◆ **Your assignment**
Below are records; the lines starting at the one with "Foto Appartamento in" and ending at the one with "Geschliffener Ametrin 17,99ct, Bolivien" must be reproduced exactly, both included. Pictures must not appear.

◆ **Data listing**
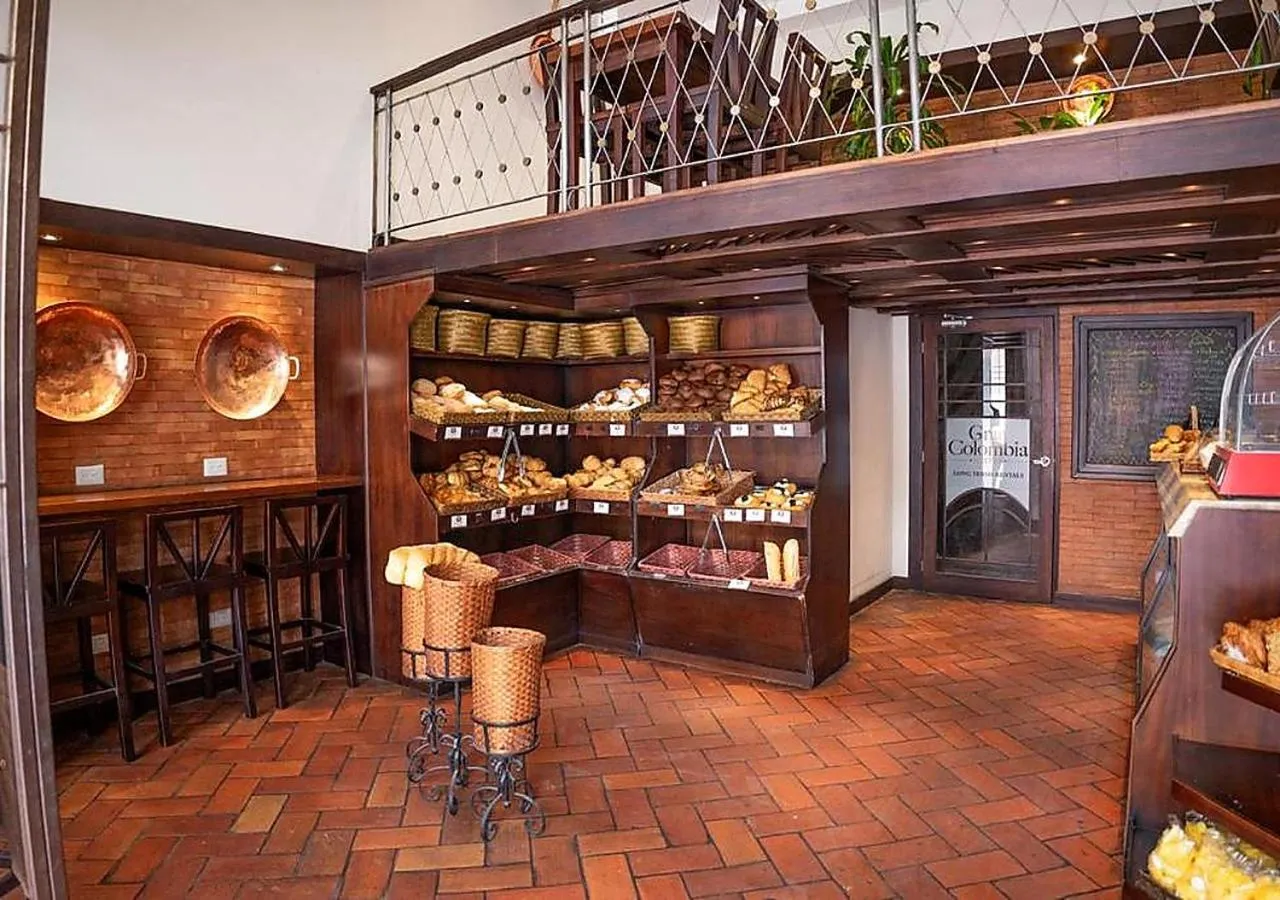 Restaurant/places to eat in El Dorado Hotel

...

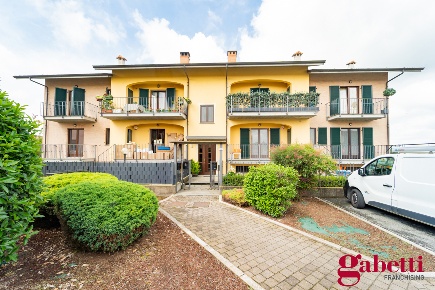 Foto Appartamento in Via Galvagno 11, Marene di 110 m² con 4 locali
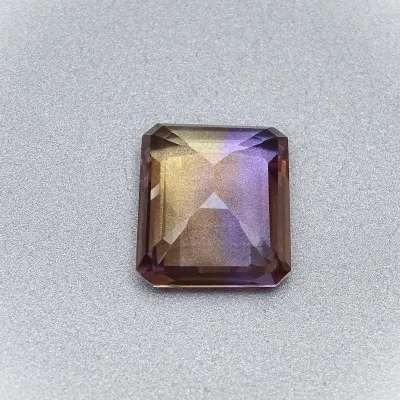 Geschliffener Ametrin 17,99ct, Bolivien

◆ **Response**
 Foto Appartamento in Via Galvagno 11, Marene di 110 m² con 4 locali
 Geschliffener Ametrin 17,99ct, Bolivien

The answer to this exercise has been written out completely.